● **Your instructions**:
Give again, word for word, every line below from the one that has "Silly cat adventures" through the one that has "东北台风致玉米倒伏严重，科学收割减小损失方案？（图3）", both included, and no others.

_ _ _ _ _ _ _

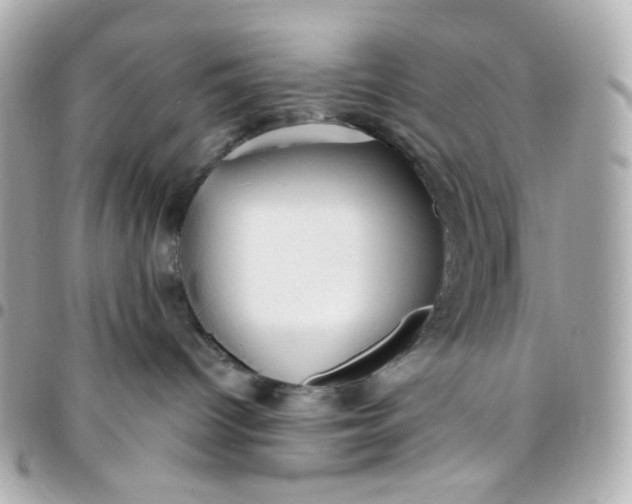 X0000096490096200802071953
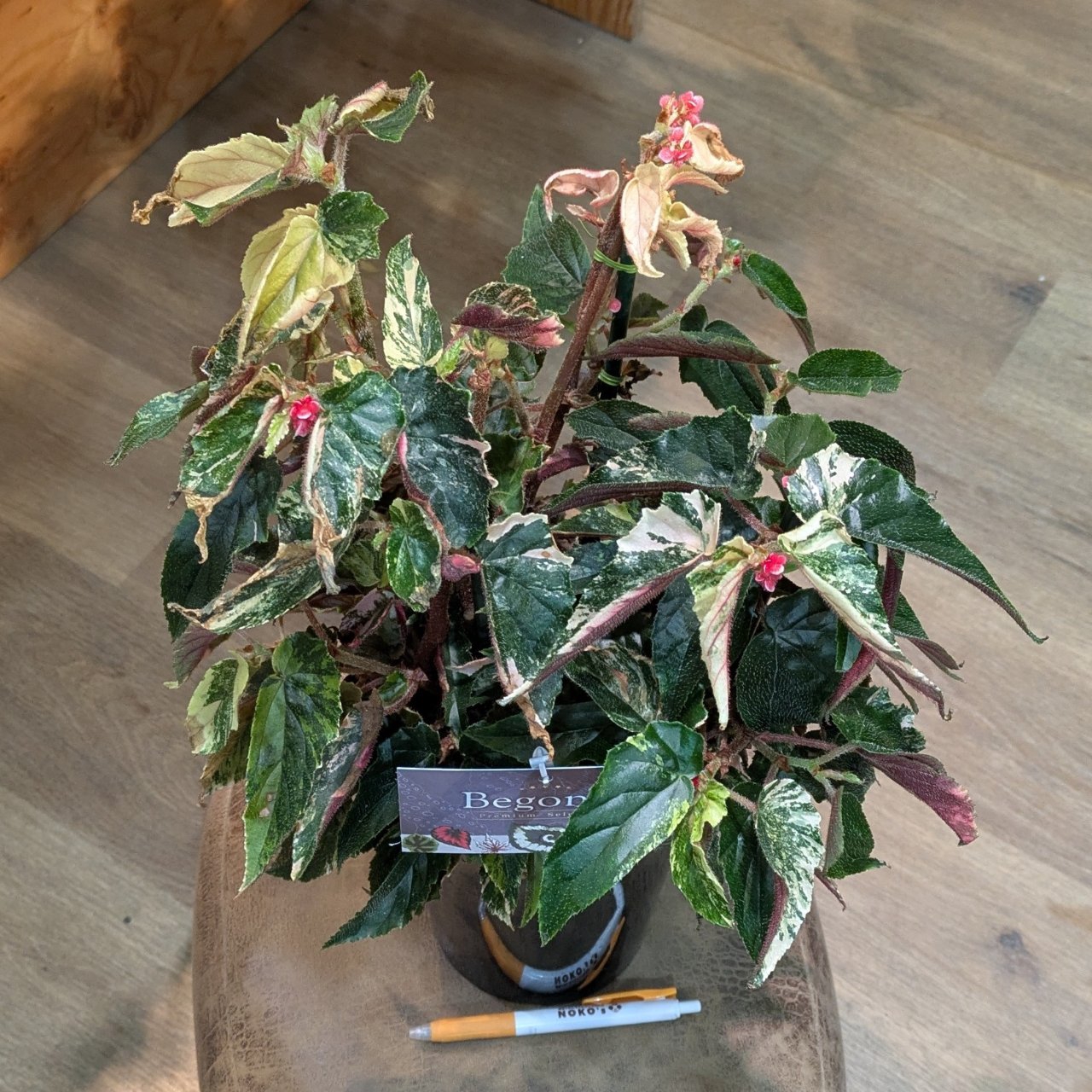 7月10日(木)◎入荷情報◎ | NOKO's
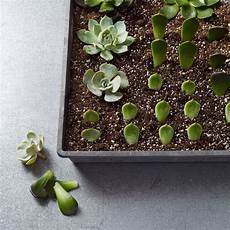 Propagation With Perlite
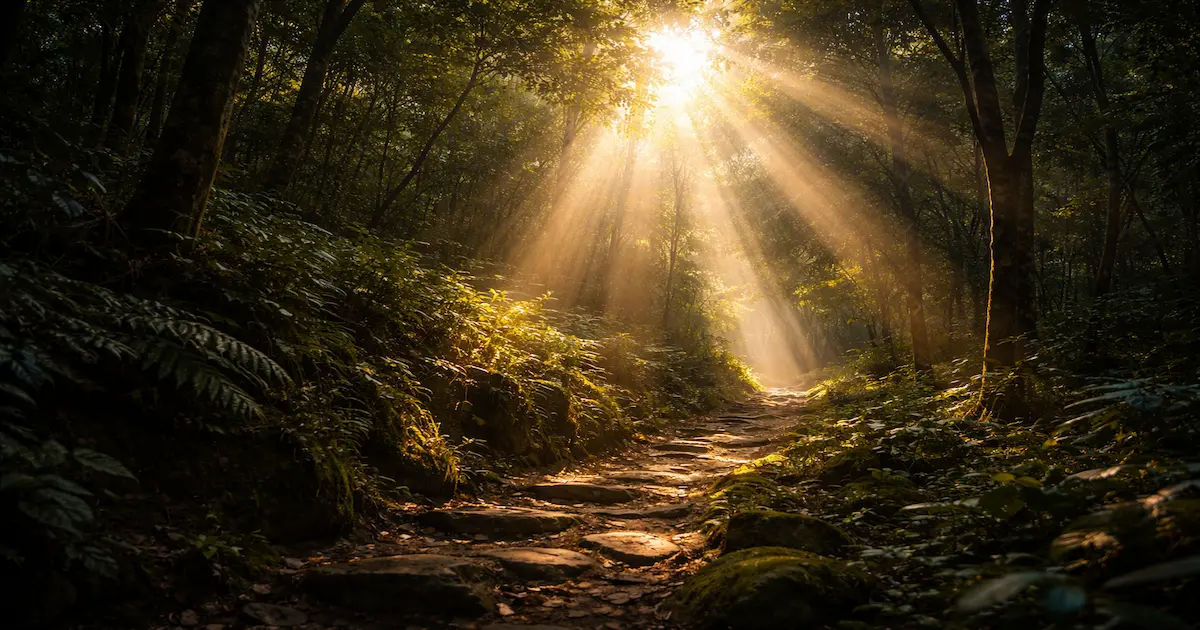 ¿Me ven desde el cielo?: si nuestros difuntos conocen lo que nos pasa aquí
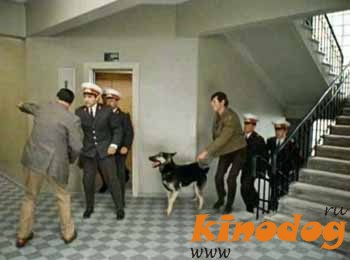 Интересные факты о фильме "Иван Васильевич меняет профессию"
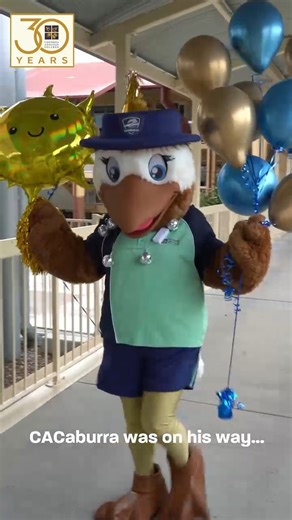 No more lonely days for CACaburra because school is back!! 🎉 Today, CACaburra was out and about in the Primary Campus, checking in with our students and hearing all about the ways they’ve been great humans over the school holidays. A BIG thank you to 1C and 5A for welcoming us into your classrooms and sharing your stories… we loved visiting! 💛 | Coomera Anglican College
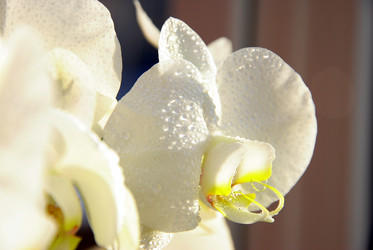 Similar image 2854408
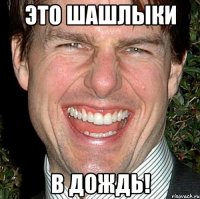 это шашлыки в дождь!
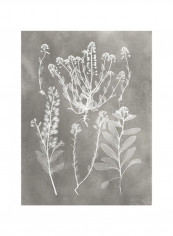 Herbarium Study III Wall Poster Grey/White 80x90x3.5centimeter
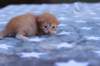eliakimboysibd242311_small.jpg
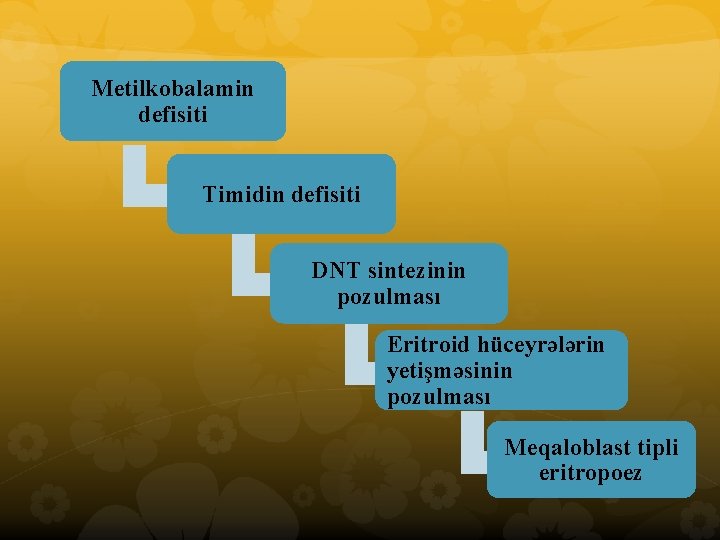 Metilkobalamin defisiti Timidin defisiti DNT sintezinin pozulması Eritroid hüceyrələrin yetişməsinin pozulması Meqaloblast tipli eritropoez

_ _ _ _ _ _ _

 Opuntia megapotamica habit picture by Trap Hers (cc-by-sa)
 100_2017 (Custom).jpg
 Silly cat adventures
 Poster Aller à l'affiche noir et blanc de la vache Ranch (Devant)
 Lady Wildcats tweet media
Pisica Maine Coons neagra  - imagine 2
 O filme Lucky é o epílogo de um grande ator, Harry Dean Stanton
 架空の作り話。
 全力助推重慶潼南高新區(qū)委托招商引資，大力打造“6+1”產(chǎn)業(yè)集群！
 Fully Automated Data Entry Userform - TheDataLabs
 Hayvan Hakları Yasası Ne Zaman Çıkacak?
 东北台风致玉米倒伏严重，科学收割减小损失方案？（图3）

_ _ _ _ _ _ _

● **Reply to the exercise**:
 Silly cat adventures
 Poster Aller à l'affiche noir et blanc de la vache Ranch (Devant)
 Lady Wildcats tweet media
Pisica Maine Coons neagra  - imagine 2
 O filme Lucky é o epílogo de um grande ator, Harry Dean Stanton
 架空の作り話。
 全力助推重慶潼南高新區(qū)委托招商引資，大力打造“6+1”產(chǎn)業(yè)集群！
 Fully Automated Data Entry Userform - TheDataLabs
 Hayvan Hakları Yasası Ne Zaman Çıkacak?
 东北台风致玉米倒伏严重，科学收割减小损失方案？（图3）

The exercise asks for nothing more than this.